An article written in Big Valley News on March 25, 2014 accused Hall of defrauding Madera County by living, and filing home owner-occupied taxes in Merced while working in an elected Madera County position

According to elected county office qualifications, no matter whether the officer is elected or appointed, the holder of an elected county office must reside in the county of which they work. If appointed, the Board of Supervisors reserves the right to wave the residency qualification until an official election is conducted.

Detailed reports showed Hall owned a home and lived in Merced when she was appointed by the board of supervisors in a 3-2 vote in December of 2011.

It should be noted that the board was aware of her residency issues at the time of her application for appointment and upon legal advisement, in a unanimous vote, chose to waive the residency requirement until her potential re-election in June, 2014.

According to Hall, she had a difficult time finding a home to rent but finally found one inside Madera County, near the Chowchilla golf course, where she claimed residency throughout her campaign.

Other accusations include untimely reports which stood to cost the county millions in lost revenue, something Hall credited to the culture prior to her arrival.

A last minute discussion was placed on Tuesday’s Board of Supervisor’s agenda to address the direction regarding the vacancy in the Auditor/Controller’s Office, including the possibility of appointing Miller to the position prior to him being sworn in.

County Council Doug Nelson said it was too soon to know who might be qualified to be appointed for the interim position, but made it clear that filling the position was of the utmost importance.

“We have to have someone appointed relatively soon so that we can continue the functions of the office,” Nelson said. “Someone needs to be the auditor.”

District 5 Supervisor, Tom Wheeler, restated the importance of recognizing Hall’s resignation and moving forward. This year’s audit, if completed by its mid-July deadline, will be the first yearly audit to be submitted on-time in roughly a decade, Wheeler said.

“We are closer to being all caught up [on audits] than we have been in ten years. We have been fighting it and we are so close it’s not funny,” Wheeler said.

Wheeler said he is confident in Miller’s ability to continue cleaning up the inconsistencies that caused so many delays throughout the auditor’s office and forfeited county funding.

“We cannot wait for January, I think we need to just move forward and move on,” Wheeler said. “I don't want to miss that date. I hope everyone is on board and we can get it completed on-time.”

Hall is the third Madera County auditor-controller to resign in the past five years and her resignation comes two years after the resignation of Hall’s predecessor, Janet Kroeger.

Madera County Chief Administrative Officer, Eric Fleming, said he was caught off guard by Hall’s resignation and believes Hall’s time and hard work in her time in office wasn't for nothing.

“I don’t know why she resigned but I think she has done a good job up to this point,” Fleming said. “She made obvious improvements in getting us caught up on our yearly audits.”
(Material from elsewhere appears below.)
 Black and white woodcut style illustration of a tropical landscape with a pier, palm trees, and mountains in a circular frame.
According to Fleming, Assistant Auditor/Controller Karl Noyes has temporarily taken over day-to-day operation until the board can come up with an interim auditor/controller to fill the position until January.

Fleming will personally recommend Noyes be placed into that interim position, noting his knowledge and experience as the main reasons for his endorsement.
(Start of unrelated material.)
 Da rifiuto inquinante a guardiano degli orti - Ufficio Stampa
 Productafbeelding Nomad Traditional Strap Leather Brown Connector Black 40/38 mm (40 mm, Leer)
“Karl Noyes has reassured me that progress will continue and he has stepped up to take on day-to-day responsibilities,” Fleming said.
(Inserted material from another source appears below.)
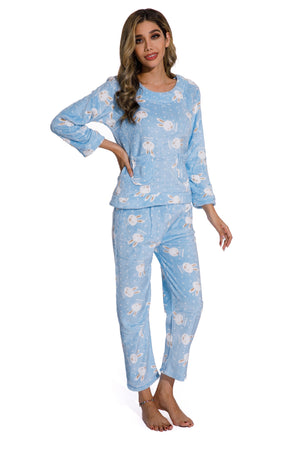 Blue 2 Piece Cartoon Printed Sleepwear set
In the meantime, in lieu of Halls absence, the Board of Supervisors will make a decision during Tuesday’s board meeting to decide the best route to temporarily fill the position until the elected auditor controller, Todd Miller, is officially sworn-in.

Miller planned to train under the supervision of unnamed out-of-county auditor to obtain the proper information and gain the techniques necessary to be a county auditor. According to Wheeler, if appointed early, the board might be willing to give Miller the time needed to get up to speed.

Miller, who recently defeated Hall in the election for the Madera County auditor-controller by a 56% to 43% vote, said he is ready to take office whenever he is requested.